[Collected data Boundary: Start]

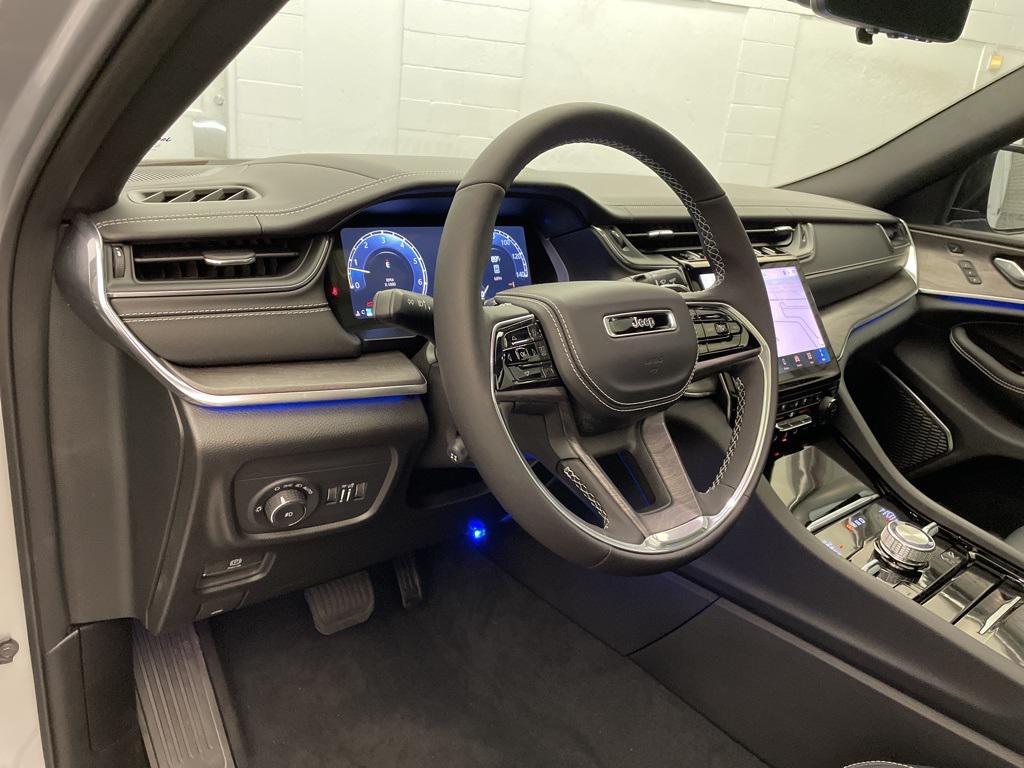 new 2025 Jeep Grand Cherokee L car, priced at $52,189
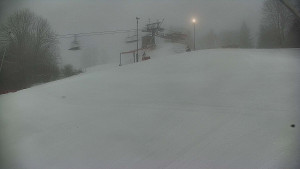 Skiareál Karolinka - Otočná kamera na sjezdovce - 22.2.2026 v 07:32 Skiareál Karolinka - Otočná kamera na sjezdovce - 22.2.2026 v 07:32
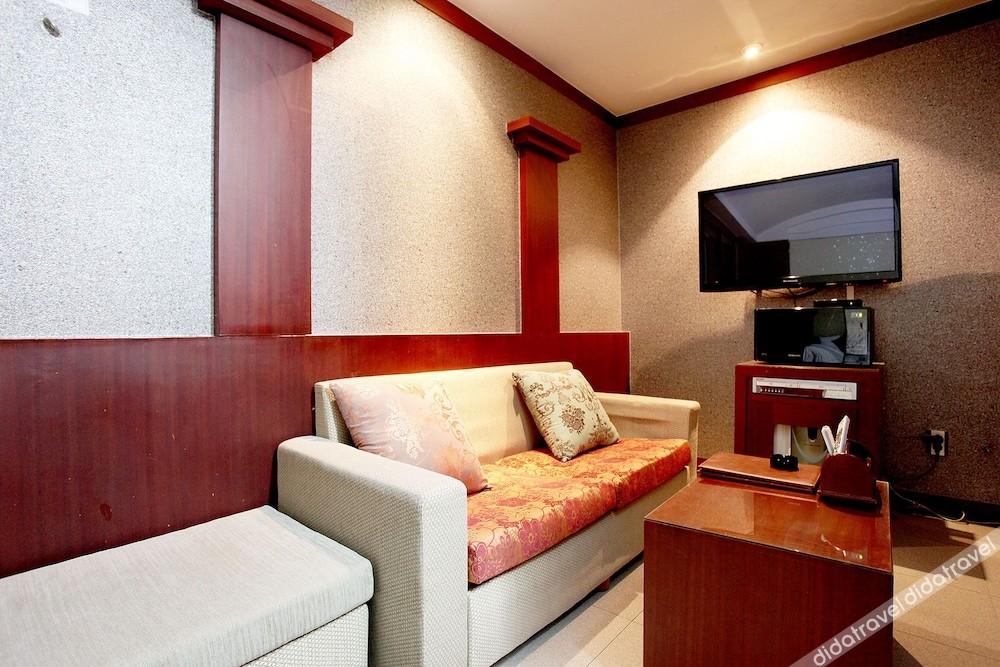 Luxury Hotel Osan 3*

[Collected data Boundary: End]

• _Directions_: Copy the listing in full and without alteration, omitting every picture.

• _Your response_:
 new 2025 Jeep Grand Cherokee L car, priced at $52,189
 Skiareál Karolinka - Otočná kamera na sjezdovce - 22.2.2026 v 07:32 Skiareál Karolinka - Otočná kamera na sjezdovce - 22.2.2026 v 07:32
 Luxury Hotel Osan 3*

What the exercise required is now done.